I start working on Monday. I work for them about 11 hours a week right now (because I cannot go over 20 hours between this and the other job), but I can always pick up extra hours by subbing for people. Needless to say, Thursday was the most wonderful day I've had in a while. For the first time in a very long time, I have a job that I can really feel good about. I'm actually excited to start work, not only because of the money, but also because of what it is.
|added Sat September 27 2003 at 9:09 PM
|I used to wonder what that saying meant. All choked up? I mean... ummm. Lame.
Over the years, either my asthma's gotten worse, or I've become more emotional. I don't want to try to guess which one, because it's not a pretty thought either way.

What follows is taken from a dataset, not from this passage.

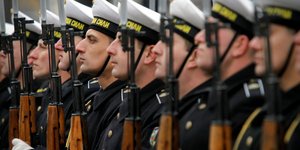 Βουλγαρία: Αύξηση 30% στους στρατιωτικούς από 1ης Ιανουαρίου 2025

But all of a sudden, something in the middle of my chest just squeezes shut. Not completely unlike the panic attacks that I've had before. Then, my eyes start to feel really big, like there's a waterfall trying to get out. And I'm gonna stop the explanation there before I embarass myself. No, I did not cry.
Just looking over past RandOMnesS entries. Couple of reasons... first, I'm bored and I don't wanna do my homework. Second, Merry mentioned something that she was trying to work her way through all 100 entries. I figured I'd better go through them and make sure that I didn't say anything that she wasn't supposed to read. Nope, there's nothing that she isn't supposed to read, although there is at least one entry that might be tough for her to read, since I don't know if she fully realized why she got that flower.
The first couple months' worth of entries were entertaining and somewhat reminiscent (I know, my spelling isn't quite right, but I don't really care right now). It wasn't until I started getting into my entries from summer that I got all choked up. It's hard to explain exactly why. A large part of it is because it reminded me of people that are not with me anymore. Correction... it reminded me of people that I'm not with anymore. Either way, through all the horrible struggles of my summer, there were a few people that I'm gonna miss. And they don't ever read this, so they'll never know. Maybe they don't care, and maybe I won't be able to tell them later.
Take a couple deep breaths, say a prayer of thanks for the memories, and one of comfort and the ability to forget.